In short the vector processing model is one in which the processor (CPU, GPU etc.) takes one instruction and applies it to multiple data or multiple data sets. To optimally maximize the performance improvements that can be delivered through vector processing it is best to use vector processing whenever the need to manipulate (process) very large data sets or even multiple very large data sets arises. This is because vector processing instructions tend to be very complex in nature and form. The following simplified processing example illustrates this.
Decoding and Translating High-Level Programming and Operating System Instructions
Before a processor (CPU in this case) can perform any work upon data it must first familiarize itself with the necessary mechanisms, routines, processes and operations required to perform the work being asked of it. It does this by decoding and translating the supplied higher-level more “human friendly” programming and operating system instructions into a format which; it the processor, can understand and execute.
The combination of appropriately formatted instructions and data; including the correct byte ordering, along with the processor’s internal instructions are commonly referred to as the processor’s micro-ops and are native to each type, family and revision (also referred to as “stepping”) of the processor(s) involved.
Traditional (Scalar) Processing
Many traditional (scalar) processing tasks can vary to such an extent that the processor cannot immediately reuse the decoded and translated instructions it just executed on the next processing task. Thus; as the processor’s instruction cache becomes full, it will discard these older “idle” instructions.
As a result the next time it is asked to perform a processing task that does use these just discarded instructions the processor has no choice other than to decode and retranslate said instruction(s) into the appropriate micro-ops all over again.
Vector Processing Instruction Complexity
Because vector processing instructions can be very complex they will generally; in comparison to traditional scalar processing instructions, require considerably larger amounts of processor (CPU) cycles and time merely to decode and translate them into processor-specific micro-ops understandable to the processor and ready for the processor to execute.
Processing Efficiency and Optimization
Considerable amounts of processor cycles will be wasted if the processor followed the above original scalar style processing practice of discarding decoded and translated instructions immediately after executing them. In these instances; should the processor be required to use a recent instruction it will have no choice other than to start all over again and decode and translate the instruction anew.
To overcome this; modern processors store the decoded and translated instructions for a longer period of time after use prior to discarding them. Adopting this simple strategy ultimately proved to enhance overall system performance considerably.
The easiest way of achieving longer retention times for decoded instructions was to increase the quantity of cache memory available to the processor for this purpose. For the modern vector processing capable processor this has resulted in manufacturers designing and fabricating processors with ever increasing amounts of on-die “high-speed” cache (both L1 and L2) and a dedicated instruction cache.

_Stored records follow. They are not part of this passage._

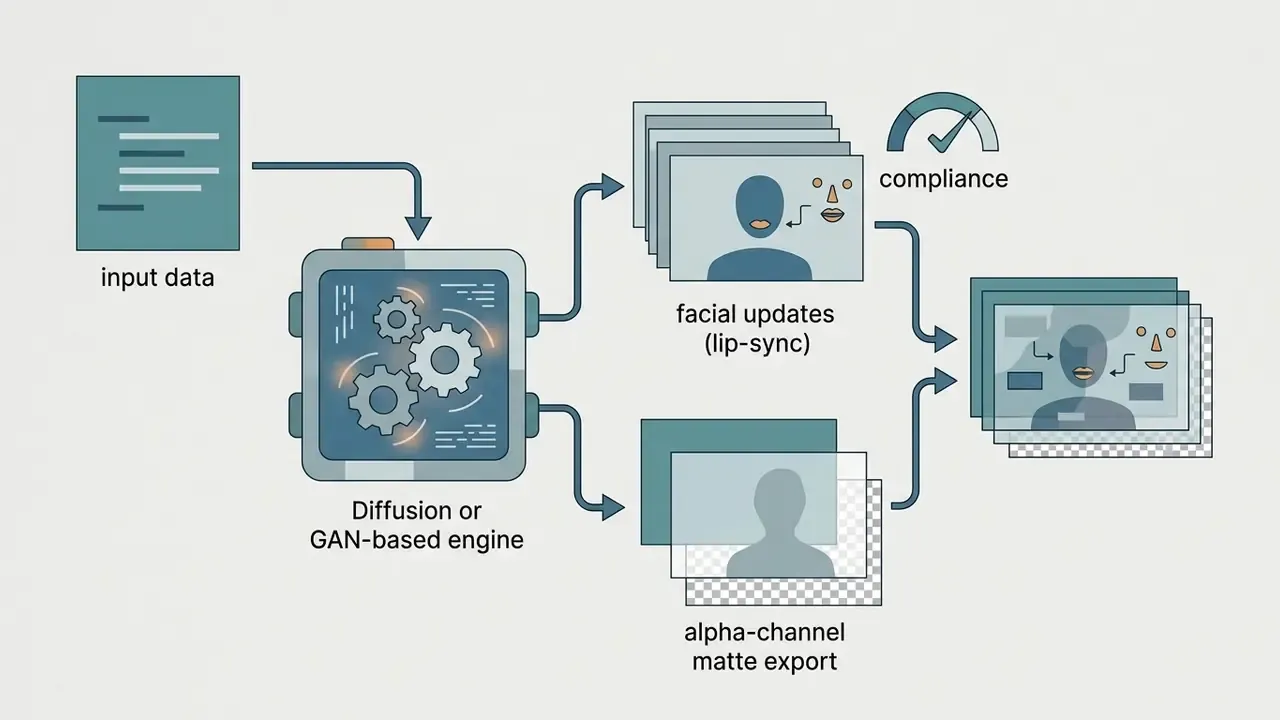Input data processing through a generative engine to create facial lip-sync frames and matte overlays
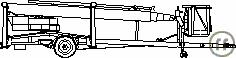 6-Anhängerbühne mit 28 m Arbeitshöhe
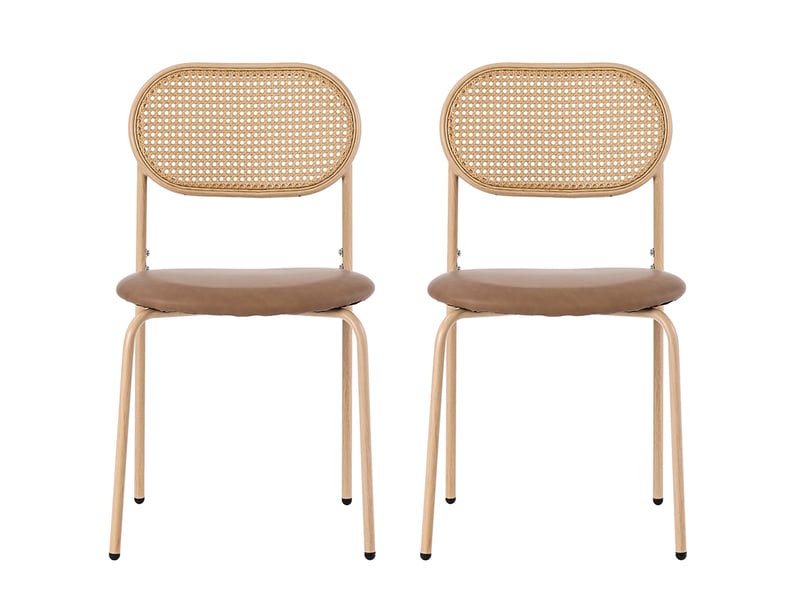  Lot de 2 chaises de salle à manger 46x48x80 cm, dossier ovale rotin, pieds métal, assise pu, marron  - Conforama A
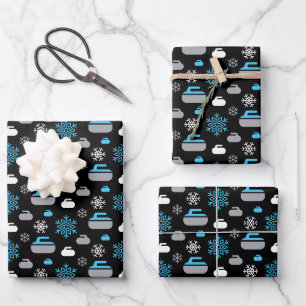 Feuille De Papier Cadeau Flammes de neige et rochers de curling enveloppant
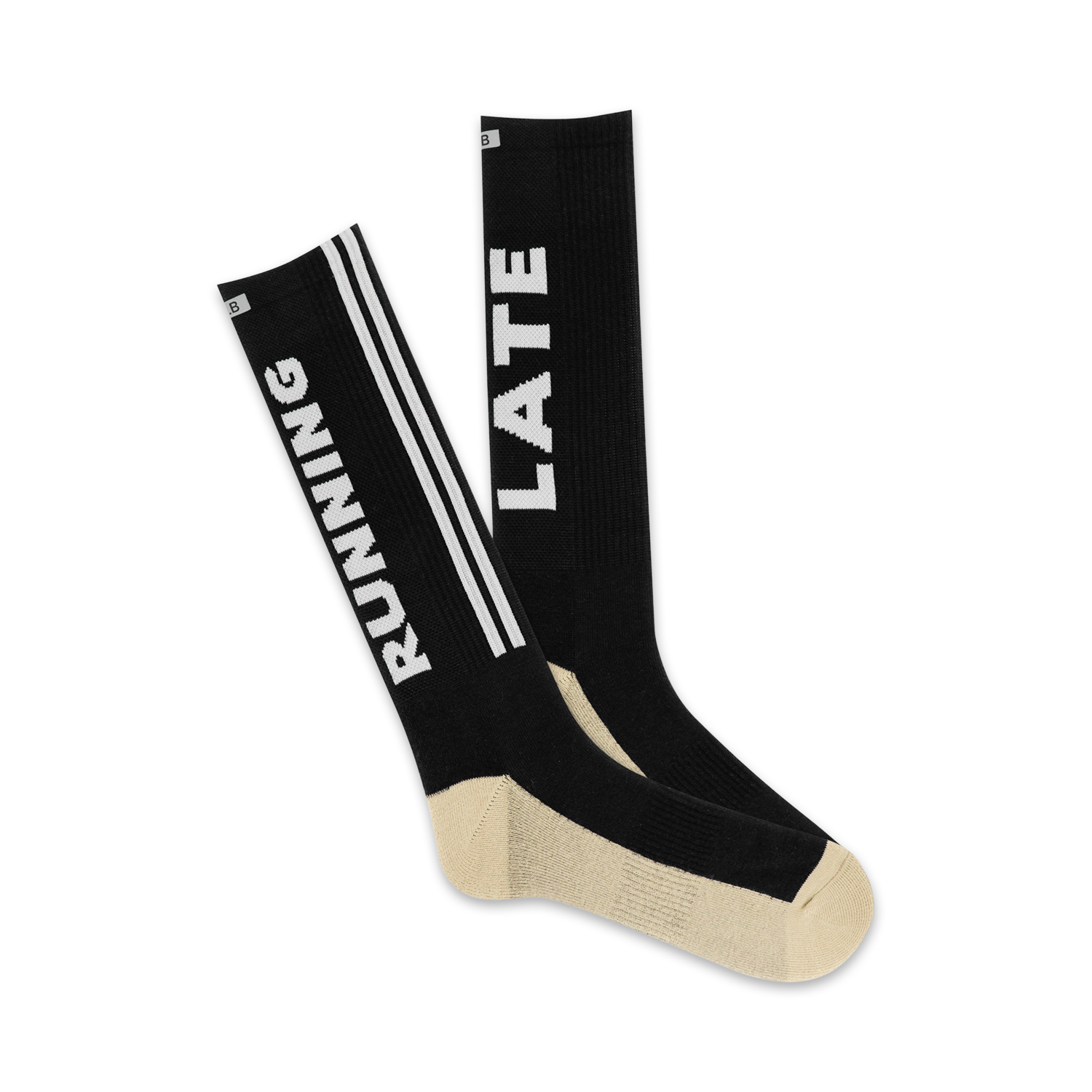 Pair of black crew socks with 'RUNNING' and 'LATE' printed vertically.  Features off-white stripes and a beige heel and toe.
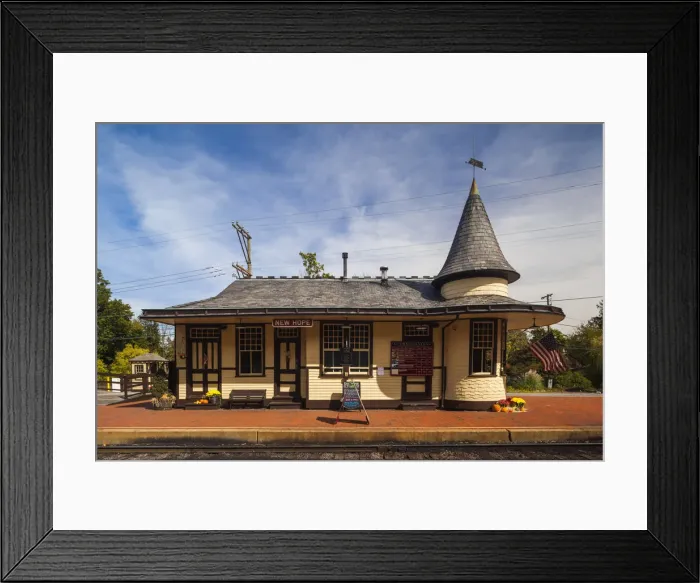 Framed Print : USA, Pennsylvania, Bucks County, New Hope, train station Framed Print : USA, Pennsylvania, Bucks County, New Hope, train station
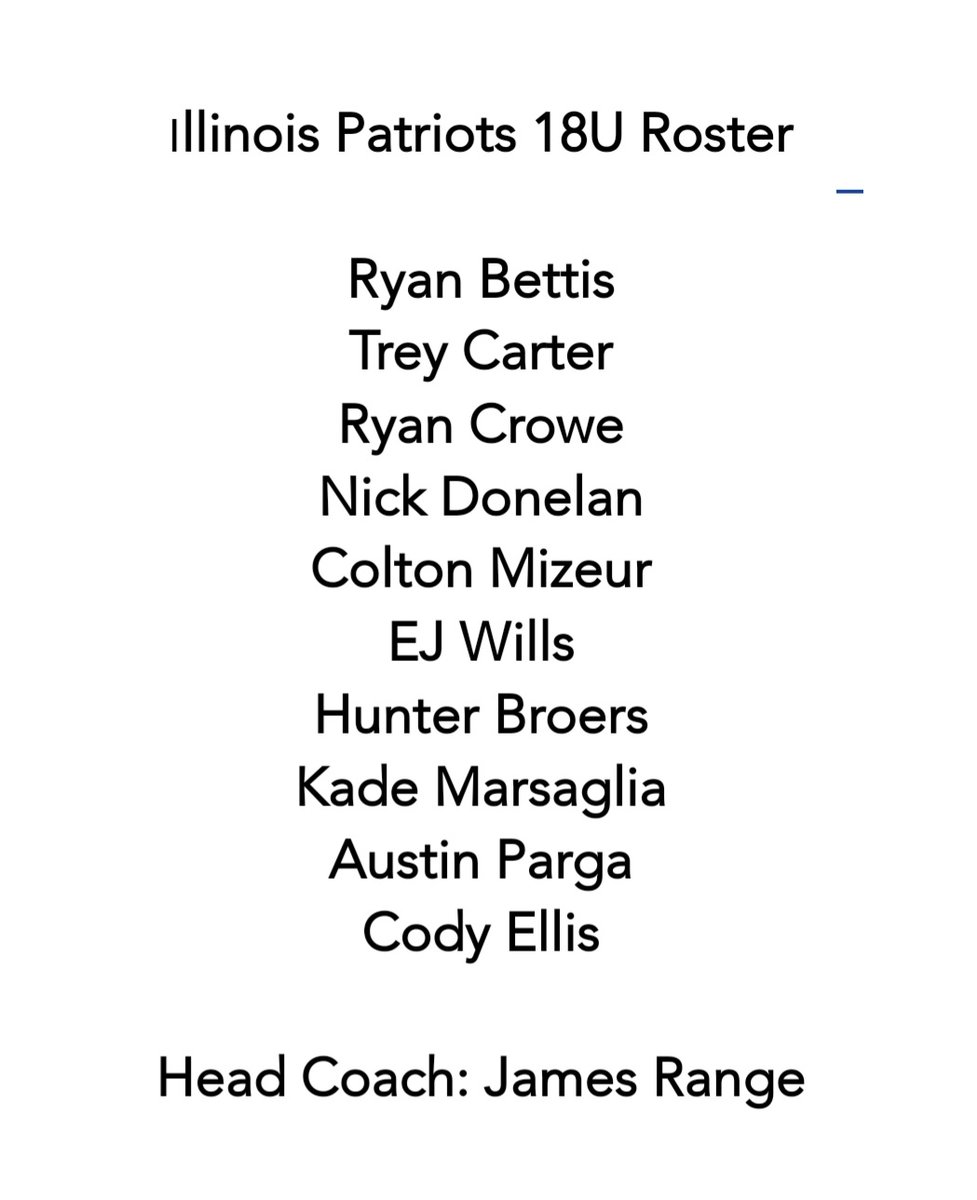 austinparga's tweet photo. Excited to be playing with the Patriots again. Grateful to get an opportunity to play on the 18U team as well. 
Working hard getting ready for another fun year of baseball. https://t.co/8muVjUjlDP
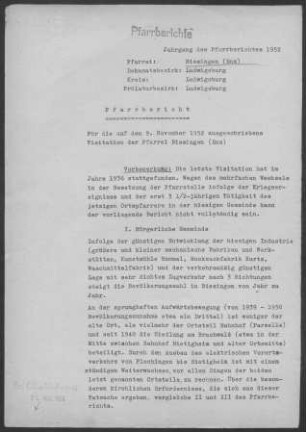 Bissingen/Enz: Pfarrbericht 1952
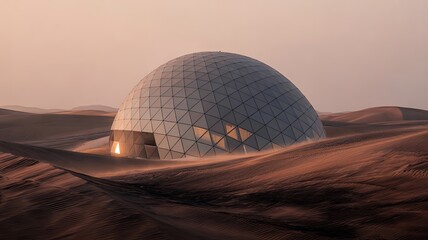 Glowing Geodesic Dome in Desert: Warmth and Innovation in Arid Lands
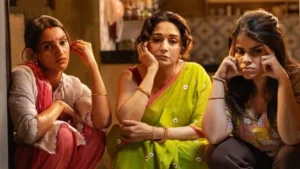 Maa bahen netflix movie - madhuri dixit and tripti dimri in a dark comedy thriller scene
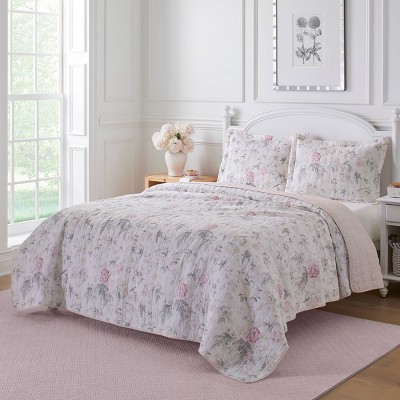 Pink Floral Reversible Cotton Twin Quilt Set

Not to be left out of the performance hikes to be gained from this strategy traditional scalar processing can also take advantage of this new development (increased on-die cache).
Hybrid Processing Processor Designs
Unfortunately, these complex vector processing instructions do not perform at all well comparatively, when simpler processing on small data sets is required. As a direct result of this, modern general-purpose microprocessors (CPUs) have vector processing capabilities built into them such that the vector unit runs alongside the main scalar processor and is supplied data only by programs that “know” it is there.
Mainstream Vector Processing Today
Today we find that the two most common vector processing implementations in mainstream consumer computing are:
- Single Instruction, Multiple Data (SIMD) – The modern Graphics Processing Unit (GPU) uses a type of vector processing named Single Instruction Multiple Data (SIMD). This technique saves a lot of instruction processing and processing cycles as the relevant instruction is decoded and translated into the processor’s native micro-ops once and then applied massively to a very large data set. Modern technologies based around SIMD vector processing include Intel’s MMX and SSE both of which are built into all new Intel Pentium 4 and above CPUs. AMD’s 3D Now is another.
- Multiple Instruction, Multiple Data (MIMD) – The processor performs multiple instructions for vector processing on multiple data/data sets. That is to say that it executes multiple instructions on each bit of data across multiple data bits or multiple data sets. The data/data sets involved in such MIMD processing can be truly massive indeed.
Whenever a computer has multiple processing cores, multiple processors or even multiple multi-core processors; each with multiple processing pipelines at its disposal, it will allocate different chunks of the data to be processed amongst its processing resources.
This can be done because each core of these multi-core microprocessors is in itself a complete independent Single Instruction, Multiple Data (SIMD) microprocessor capable of running a number of instructions simultaneously and many SIMD instructions per nanosecond. In essence this is the simplest form of what is commonly referred to as massive parallelism and is the secret behind the raw number crunching power or modern supercomputers.